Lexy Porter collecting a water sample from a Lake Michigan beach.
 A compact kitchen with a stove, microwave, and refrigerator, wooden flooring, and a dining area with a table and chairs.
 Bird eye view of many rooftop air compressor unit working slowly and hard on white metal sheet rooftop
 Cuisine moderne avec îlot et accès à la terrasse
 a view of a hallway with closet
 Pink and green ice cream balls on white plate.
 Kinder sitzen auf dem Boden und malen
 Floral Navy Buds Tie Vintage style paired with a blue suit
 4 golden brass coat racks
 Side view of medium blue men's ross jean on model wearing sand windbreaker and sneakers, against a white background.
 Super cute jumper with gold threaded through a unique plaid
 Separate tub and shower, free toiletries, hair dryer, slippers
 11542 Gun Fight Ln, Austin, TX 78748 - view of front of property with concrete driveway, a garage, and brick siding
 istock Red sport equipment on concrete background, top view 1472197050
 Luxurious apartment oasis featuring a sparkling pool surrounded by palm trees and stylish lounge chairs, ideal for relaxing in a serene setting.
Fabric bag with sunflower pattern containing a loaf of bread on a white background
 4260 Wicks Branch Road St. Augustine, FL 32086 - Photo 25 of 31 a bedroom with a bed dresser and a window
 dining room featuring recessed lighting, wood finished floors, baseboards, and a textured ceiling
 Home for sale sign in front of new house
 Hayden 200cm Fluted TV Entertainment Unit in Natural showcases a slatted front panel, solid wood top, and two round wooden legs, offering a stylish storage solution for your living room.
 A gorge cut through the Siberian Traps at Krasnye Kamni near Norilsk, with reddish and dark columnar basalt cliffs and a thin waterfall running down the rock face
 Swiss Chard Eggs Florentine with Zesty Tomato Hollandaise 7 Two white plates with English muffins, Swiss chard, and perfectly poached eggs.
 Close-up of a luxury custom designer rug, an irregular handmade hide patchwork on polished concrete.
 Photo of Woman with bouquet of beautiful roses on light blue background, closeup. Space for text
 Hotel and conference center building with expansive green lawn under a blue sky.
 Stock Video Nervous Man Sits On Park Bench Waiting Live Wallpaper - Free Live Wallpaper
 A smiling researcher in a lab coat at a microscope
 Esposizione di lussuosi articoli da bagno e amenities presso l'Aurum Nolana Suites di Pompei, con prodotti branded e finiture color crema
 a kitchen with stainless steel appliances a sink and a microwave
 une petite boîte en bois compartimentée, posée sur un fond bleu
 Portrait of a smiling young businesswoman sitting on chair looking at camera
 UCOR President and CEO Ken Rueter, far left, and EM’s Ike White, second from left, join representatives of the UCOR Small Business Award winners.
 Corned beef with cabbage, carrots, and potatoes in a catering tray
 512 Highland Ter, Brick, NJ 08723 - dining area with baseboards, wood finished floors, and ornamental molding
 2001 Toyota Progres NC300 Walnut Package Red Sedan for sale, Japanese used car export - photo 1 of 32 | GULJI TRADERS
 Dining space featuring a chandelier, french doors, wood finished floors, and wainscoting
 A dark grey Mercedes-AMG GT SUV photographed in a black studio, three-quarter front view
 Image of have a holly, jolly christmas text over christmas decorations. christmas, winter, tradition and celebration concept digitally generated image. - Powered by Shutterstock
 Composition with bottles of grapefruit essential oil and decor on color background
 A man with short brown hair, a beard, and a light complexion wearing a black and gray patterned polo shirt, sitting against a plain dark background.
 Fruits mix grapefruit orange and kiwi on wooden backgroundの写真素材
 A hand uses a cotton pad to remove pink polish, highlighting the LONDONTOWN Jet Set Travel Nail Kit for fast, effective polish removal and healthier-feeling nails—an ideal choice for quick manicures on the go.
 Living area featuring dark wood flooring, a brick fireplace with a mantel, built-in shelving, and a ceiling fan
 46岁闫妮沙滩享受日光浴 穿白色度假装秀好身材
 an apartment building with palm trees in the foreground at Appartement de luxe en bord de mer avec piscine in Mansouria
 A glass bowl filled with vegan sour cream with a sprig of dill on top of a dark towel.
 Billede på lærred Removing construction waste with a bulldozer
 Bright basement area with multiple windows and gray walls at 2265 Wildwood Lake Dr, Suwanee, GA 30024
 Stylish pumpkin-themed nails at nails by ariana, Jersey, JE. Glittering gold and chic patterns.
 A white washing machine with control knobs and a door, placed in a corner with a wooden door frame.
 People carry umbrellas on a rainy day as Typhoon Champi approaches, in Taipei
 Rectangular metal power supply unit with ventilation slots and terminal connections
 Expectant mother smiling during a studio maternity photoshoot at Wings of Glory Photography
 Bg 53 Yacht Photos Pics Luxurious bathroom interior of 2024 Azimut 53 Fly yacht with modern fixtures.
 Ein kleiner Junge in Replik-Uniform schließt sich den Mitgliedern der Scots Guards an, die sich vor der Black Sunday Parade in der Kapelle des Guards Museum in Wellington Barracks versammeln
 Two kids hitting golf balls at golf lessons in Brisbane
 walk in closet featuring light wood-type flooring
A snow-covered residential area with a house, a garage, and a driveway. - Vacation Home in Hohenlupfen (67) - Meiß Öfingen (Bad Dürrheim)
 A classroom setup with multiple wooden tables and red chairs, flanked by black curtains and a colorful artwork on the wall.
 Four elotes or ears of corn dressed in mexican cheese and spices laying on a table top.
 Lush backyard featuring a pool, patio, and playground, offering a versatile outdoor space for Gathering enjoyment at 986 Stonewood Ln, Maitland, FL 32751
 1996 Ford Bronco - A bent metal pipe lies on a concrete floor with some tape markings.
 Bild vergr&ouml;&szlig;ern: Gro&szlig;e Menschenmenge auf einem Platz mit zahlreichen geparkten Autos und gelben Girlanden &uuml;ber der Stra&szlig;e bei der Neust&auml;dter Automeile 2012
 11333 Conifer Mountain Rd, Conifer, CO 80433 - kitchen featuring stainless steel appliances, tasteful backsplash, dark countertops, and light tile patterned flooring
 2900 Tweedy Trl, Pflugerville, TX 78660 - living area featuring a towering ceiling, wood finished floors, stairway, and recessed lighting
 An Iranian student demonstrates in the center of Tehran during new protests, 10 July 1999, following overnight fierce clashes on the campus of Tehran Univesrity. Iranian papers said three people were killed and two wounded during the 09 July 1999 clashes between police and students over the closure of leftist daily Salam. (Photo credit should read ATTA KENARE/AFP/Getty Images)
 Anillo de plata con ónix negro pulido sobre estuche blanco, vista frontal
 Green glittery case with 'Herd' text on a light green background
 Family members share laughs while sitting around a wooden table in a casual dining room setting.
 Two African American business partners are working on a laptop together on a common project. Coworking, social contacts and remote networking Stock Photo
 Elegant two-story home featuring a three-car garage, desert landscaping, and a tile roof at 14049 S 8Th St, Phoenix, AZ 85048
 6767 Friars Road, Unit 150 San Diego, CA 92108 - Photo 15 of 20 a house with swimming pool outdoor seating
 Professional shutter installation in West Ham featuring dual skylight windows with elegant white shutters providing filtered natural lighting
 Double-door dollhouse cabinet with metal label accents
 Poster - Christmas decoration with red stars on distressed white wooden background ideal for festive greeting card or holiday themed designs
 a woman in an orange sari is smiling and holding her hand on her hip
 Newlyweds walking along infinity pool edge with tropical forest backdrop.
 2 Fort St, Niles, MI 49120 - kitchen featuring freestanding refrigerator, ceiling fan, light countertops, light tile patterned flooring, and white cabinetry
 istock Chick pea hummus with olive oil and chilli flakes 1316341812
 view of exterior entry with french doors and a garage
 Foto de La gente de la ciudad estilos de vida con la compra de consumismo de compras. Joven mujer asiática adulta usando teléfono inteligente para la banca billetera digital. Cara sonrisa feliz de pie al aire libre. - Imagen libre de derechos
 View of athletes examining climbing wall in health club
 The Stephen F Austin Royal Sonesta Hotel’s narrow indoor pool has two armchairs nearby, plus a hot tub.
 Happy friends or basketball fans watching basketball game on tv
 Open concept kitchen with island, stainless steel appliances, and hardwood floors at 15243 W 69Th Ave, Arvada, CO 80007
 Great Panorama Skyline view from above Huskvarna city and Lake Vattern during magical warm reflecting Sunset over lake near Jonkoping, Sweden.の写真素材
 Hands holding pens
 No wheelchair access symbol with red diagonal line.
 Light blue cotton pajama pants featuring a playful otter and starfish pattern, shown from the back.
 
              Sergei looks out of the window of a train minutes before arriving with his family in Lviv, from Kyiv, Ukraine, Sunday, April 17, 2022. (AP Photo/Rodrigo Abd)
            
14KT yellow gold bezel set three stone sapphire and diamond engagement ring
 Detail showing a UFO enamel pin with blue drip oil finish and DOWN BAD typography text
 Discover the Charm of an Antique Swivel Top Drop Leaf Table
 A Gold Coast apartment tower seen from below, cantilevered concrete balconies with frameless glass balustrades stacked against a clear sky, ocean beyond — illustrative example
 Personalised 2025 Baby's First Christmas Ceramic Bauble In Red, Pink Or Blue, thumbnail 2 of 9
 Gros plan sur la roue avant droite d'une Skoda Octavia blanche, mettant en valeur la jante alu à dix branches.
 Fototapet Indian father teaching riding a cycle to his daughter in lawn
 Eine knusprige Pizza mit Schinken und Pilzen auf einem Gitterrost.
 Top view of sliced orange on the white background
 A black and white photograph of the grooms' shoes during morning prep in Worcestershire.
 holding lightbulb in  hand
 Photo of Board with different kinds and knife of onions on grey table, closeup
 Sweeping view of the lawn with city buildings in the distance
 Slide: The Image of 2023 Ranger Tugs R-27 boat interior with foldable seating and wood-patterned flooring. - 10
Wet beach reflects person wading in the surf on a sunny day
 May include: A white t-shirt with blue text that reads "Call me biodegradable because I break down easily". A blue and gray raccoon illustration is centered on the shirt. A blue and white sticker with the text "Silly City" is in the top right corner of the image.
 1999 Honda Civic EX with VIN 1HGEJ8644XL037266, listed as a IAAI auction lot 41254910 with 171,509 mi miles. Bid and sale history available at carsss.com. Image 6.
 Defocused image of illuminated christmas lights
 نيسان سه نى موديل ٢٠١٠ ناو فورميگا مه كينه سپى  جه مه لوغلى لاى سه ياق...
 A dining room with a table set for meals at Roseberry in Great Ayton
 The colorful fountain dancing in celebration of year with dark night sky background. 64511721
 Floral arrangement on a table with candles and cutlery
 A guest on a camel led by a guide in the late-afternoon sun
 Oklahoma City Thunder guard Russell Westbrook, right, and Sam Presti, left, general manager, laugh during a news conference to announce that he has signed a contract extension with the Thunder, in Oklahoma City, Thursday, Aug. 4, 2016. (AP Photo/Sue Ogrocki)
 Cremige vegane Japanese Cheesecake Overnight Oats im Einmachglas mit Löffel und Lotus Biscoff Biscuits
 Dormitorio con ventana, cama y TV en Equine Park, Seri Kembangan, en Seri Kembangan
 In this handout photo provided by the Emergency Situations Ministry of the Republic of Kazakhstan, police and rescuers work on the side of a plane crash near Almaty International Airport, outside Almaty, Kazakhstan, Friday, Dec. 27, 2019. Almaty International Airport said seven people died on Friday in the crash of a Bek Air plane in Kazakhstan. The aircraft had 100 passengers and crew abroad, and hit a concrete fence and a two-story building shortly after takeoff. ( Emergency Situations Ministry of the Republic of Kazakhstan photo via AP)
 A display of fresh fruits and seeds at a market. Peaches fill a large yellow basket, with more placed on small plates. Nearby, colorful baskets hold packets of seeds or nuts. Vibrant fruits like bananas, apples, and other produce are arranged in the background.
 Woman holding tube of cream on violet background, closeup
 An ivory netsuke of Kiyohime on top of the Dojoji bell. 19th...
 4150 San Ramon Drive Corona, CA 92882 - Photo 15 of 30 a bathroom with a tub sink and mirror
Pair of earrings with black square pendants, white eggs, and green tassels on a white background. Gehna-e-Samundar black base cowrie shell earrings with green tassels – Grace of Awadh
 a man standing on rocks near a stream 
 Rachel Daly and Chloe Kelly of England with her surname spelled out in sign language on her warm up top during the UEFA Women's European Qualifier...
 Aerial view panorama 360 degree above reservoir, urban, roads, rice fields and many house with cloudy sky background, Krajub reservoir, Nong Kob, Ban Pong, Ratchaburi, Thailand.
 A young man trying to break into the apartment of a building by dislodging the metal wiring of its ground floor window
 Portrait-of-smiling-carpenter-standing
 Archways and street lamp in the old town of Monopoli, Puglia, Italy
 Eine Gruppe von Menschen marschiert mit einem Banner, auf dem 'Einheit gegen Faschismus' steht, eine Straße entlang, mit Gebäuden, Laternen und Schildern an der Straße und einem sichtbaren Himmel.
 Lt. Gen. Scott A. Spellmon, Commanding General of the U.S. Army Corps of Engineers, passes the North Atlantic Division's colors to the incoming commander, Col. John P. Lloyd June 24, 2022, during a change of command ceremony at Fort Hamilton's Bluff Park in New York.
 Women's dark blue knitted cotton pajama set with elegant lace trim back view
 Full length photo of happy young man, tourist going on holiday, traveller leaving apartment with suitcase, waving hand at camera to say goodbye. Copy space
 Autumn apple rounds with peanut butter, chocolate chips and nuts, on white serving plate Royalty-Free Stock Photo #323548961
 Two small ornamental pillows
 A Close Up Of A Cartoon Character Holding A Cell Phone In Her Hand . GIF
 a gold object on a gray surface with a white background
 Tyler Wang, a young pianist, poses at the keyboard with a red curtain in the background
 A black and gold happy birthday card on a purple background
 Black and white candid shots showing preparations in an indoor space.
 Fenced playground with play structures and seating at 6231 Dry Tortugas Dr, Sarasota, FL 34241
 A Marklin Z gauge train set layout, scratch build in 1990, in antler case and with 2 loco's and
════
* **PROBLEM REQUIREMENTS**: Go through the lines above and copy any that contain "orange".

* **RESPONSE TO THIS TASK**:
 Fruits mix grapefruit orange and kiwi on wooden backgroundの写真素材
 a woman in an orange sari is smiling and holding her hand on her hip
 Top view of sliced orange on the white background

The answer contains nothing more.